How to Invest in Diamonds

There are two primary methods for investing in diamonds. First, you can purchase physical stones for resale at a later date. This method offers the most stability, but it can limit profits. The second option is to trade in diamonds contracts, which is far riskier but presents opportunities for huge profits. As with all investing, choosing between security and potential profit is never a straightforward choice. Consider these factors to determine the methods that will work best for you.

Purchasing Stones

The first step to investing in diamonds by physical purchase is to learn where and how to purchase stones. For this, you need a reputable diamond dealer.

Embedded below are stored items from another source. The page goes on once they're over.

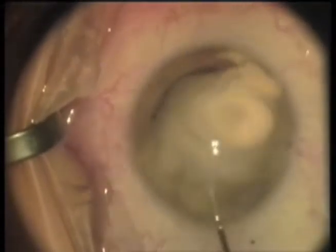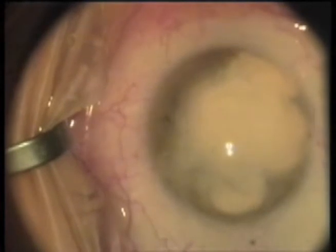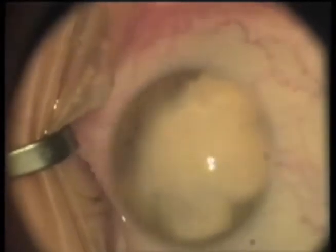As soon as you have a capsule break, the first step is to inject preservative-free triamcinolone near the paracentesis to stain the vitreous.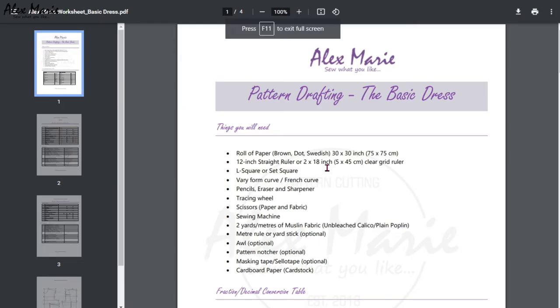Hello everyone and welcome. We are drafting the basic dress. You need to get the worksheet first — the link is in the description box below.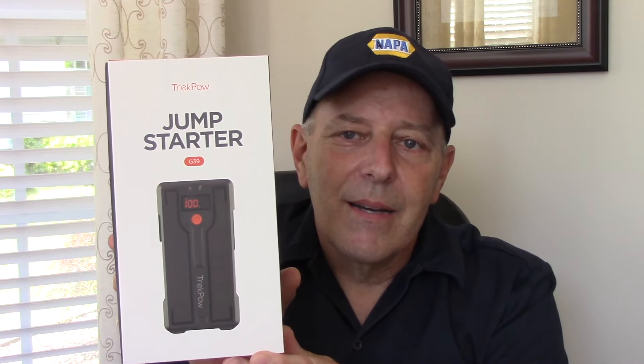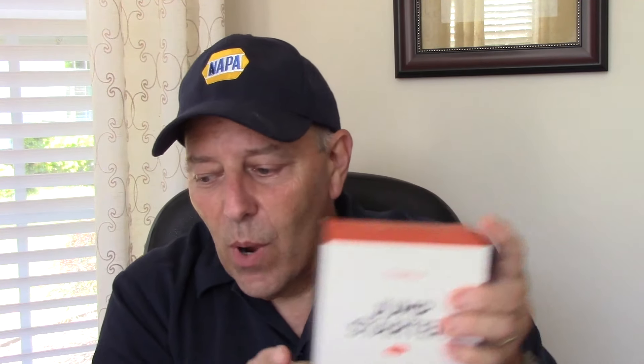So enough talking. Let's open this unit up and take a look at it. I've got a glare coming in from the window, but this is the unit itself. Let's open it up — this is the one I'm actually going to give away.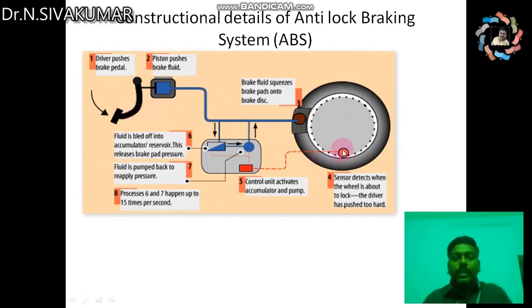When the driver applies the brake too hard — that is, sudden braking — the wheel speed sensor sends the speed of the wheel and sends a signal to the control unit. The control unit releases a signal to the valve and pump to apply pressure and reduce pressure, so the locking of the wheels is prevented and skidding is also prevented.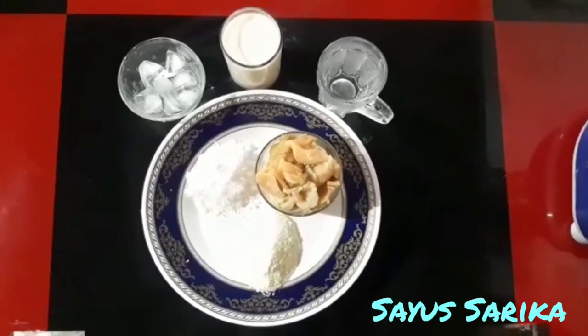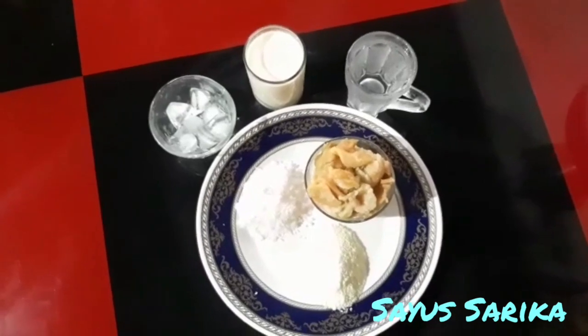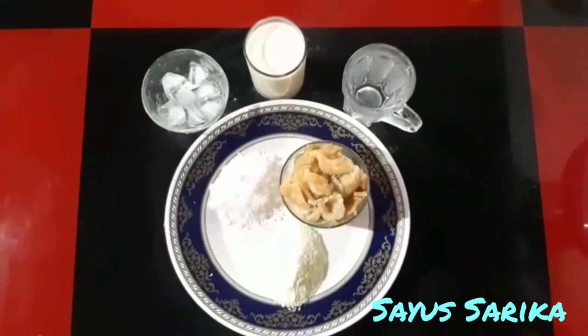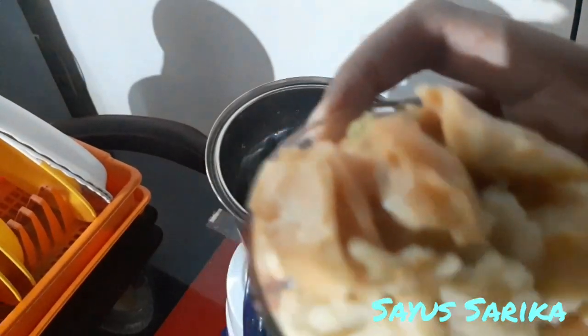2 teaspoons of water, add a glass of water. Now, let's mix the ingredients.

Individuals in large cities with a vibrant jewelry trade will have a number of options. Those in more remote areas may need to find a dealer using the Internet. However, it is best to meet a dealer in person when possible. Invest only in stones that have been certified by the Gemological Institute of America (GIA); this is the only method to know the appraised value of the stone. When possible, go to the wholesale market for the best prices.

Storing Stones

Store your diamonds in a vault safe from all weather changes and secure enough to hold your valuable possessions. The GIA certificates for your stones should be registered with your insurance agency when you purchase insurance and with the bank or vault holding your diamonds. The certificates should be kept in a fireproof, waterproof location.

Resale of Stones

When it is time to sell your stones, you may find it challenging to gain access to the retail diamond market. The options are to resell the stone to a wholesaler, approach a jewelry manufacturer or approach another investor. When you are holding an asset like a diamond, small price fluctuations may occur. Over time, however, the price should continue to remain steady or improve.

Anticipating Prices

If you want to take the bolder route of trading paper contracts rather than investing in hard stones, you will need to learn a bit about the diamond market. You will be profiting not on the long-term price stability of the stone but on the short-term fluctuations in its price. Factors to consider include political climate; reports on new dig sites and production; and information from DeBeers, the world's largest diamond company. 

Trading Derivatives

You will need to be prepared to expose yourself to risks when purchasing futures or options contracts. The first step is to locate a trader you want to work with. Your trader, like your standard stock broker, should be able to provide you with insight and offers you would not otherwise be exposed to. Most commodities trading can occur online today, but it is best to look for a trader with a physical office who can respond personally when you need assistance.

Diversifying a Portfolio

If you do decide to trade diamonds contracts rather than hard stones, be sure to diversify your assets. If an unpredicted event occurs in the diamond market, you could be exposed to a large degree of risk if your assets are not well diversified.